Deze uitzondering geldt alleen voor gezondheidsgegevens. Toch is er onder deze uitzondering een mogelijkheid om ook andere bijzondere persoonsgegevens te verwerken, zoals betreffende etniciteit. Het verbod om andere bijzondere persoonsgegevens te verwerken is namelijk niet van toepassing als de verwerking noodzakelijk is in aanvulling op de verwerking van gezondheidsgegevens. De verwerking moet plaatsvinden met het oog op een goede behandeling of verzorging van de betrokkene.
Aanvullende bijzondere persoonsgegevens kunnen in sommige gevallen van essentiële betekenis zijn bij het onderkennen van ziektebeelden. Ook kunnen ze soms directe invloed hebben op een behandelingsplan. Gegevens als godsdienst of levensovertuiging kunnen in bijzondere gevallen van belang zijn bij bepaalde psychiatrische ziektebeelden. Soms kunnen ook gegevens over het seksuele leven medisch relevant zijn. En ook het gegeven ras kan een belangrijke determinant zijn bij de diagnosestelling. In deze gevallen mogen hulpverleners, in aanvulling op de gezondheidsgegevens, ook andere bijzondere persoonsgegevens registreren, ondanks het verwerkingsverbod.
Etnische gegevens noodzakelijk?
De vraag is dus of etnische registratie noodzakelijk is voor de behandeling van de patiënt. Met andere woorden, kan het gegeven “ras” directe invloed hebben op het behandelingsplan? Als de registratie van etniciteit geen medisch karakter heeft, is de uitzonderingsgrond niet van toepassing.
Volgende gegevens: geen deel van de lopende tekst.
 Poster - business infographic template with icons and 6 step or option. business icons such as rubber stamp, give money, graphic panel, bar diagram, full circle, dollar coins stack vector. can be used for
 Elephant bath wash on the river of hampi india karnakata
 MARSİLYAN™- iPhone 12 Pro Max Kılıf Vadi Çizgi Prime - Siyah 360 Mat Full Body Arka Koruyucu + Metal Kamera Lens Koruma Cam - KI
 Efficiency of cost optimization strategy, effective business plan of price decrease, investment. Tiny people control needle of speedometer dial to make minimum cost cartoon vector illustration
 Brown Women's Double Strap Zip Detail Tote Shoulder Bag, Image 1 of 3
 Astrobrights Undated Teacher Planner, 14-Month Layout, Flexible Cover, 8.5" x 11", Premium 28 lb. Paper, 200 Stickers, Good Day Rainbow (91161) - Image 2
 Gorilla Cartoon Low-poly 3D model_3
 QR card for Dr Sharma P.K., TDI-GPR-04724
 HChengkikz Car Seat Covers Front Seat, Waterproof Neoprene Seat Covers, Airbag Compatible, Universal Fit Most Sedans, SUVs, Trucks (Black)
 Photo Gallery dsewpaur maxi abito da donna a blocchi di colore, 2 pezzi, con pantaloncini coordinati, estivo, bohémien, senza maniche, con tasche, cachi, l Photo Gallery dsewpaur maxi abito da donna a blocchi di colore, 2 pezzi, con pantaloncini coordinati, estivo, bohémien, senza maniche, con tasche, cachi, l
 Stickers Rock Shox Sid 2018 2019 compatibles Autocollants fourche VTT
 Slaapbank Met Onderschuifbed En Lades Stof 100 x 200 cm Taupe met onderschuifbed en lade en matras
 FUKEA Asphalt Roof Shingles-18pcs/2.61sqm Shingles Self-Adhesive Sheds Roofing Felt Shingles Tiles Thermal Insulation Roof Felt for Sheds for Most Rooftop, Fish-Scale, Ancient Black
Ook wanneer in bijzondere gevallen etniciteit wel noodzakelijk is voor de behandeling zijn er overigens aandachtspunten. De uitzondering is bijvoorbeeld niet van toepassing op gebruik van de geregistreerde gegevens voor andere doelen dan de directe behandeling van patiënten. Bijvoorbeeld voor wetenschappelijk of statistisch onderzoek.
Wetenschappelijk onderzoek
Voor wetenschappelijk of statistisch onderzoek kent de AVG een andere uitzondering. De patiënt moet vooraf toestemming geven. Toestemming is niet nodig als dit onmogelijk is, of wanneer dit een onevenredige inspanning kost. Aan deze voorwaarden is niet snel voldaan. Daarnaast moet het onderzoek een algemeen belang dienen en moeten er voldoende waarborgen zijn om de persoonlijke levenssfeer van de betrokkene te beschermen.
Als de behandeld arts gegevens van een patiënt met derden wil delen voor onderzoek, moet hij bovendien een grond hebben om zijn medisch beroepsgeheim te doorbreken. Deze regel is ook van toepassing op onderzoek binnen een ziekenhuis door anderen dan de behandeld arts.
Etnische gegevens van coronapatiënten
In het geval van corona is (nog) niet bekend of de behandeling afhankelijk is van etnische afkomst. Dat betekent dat de eerste uitzondering op dit moment bij coronapatiënten nog niet opgaat. Om het onderzoek te kunnen uitvoeren dat nodig is om erachter te komen of etniciteit inderdaad een rol speelt, zal dus toestemming van de patiënten verkregen moeten worden.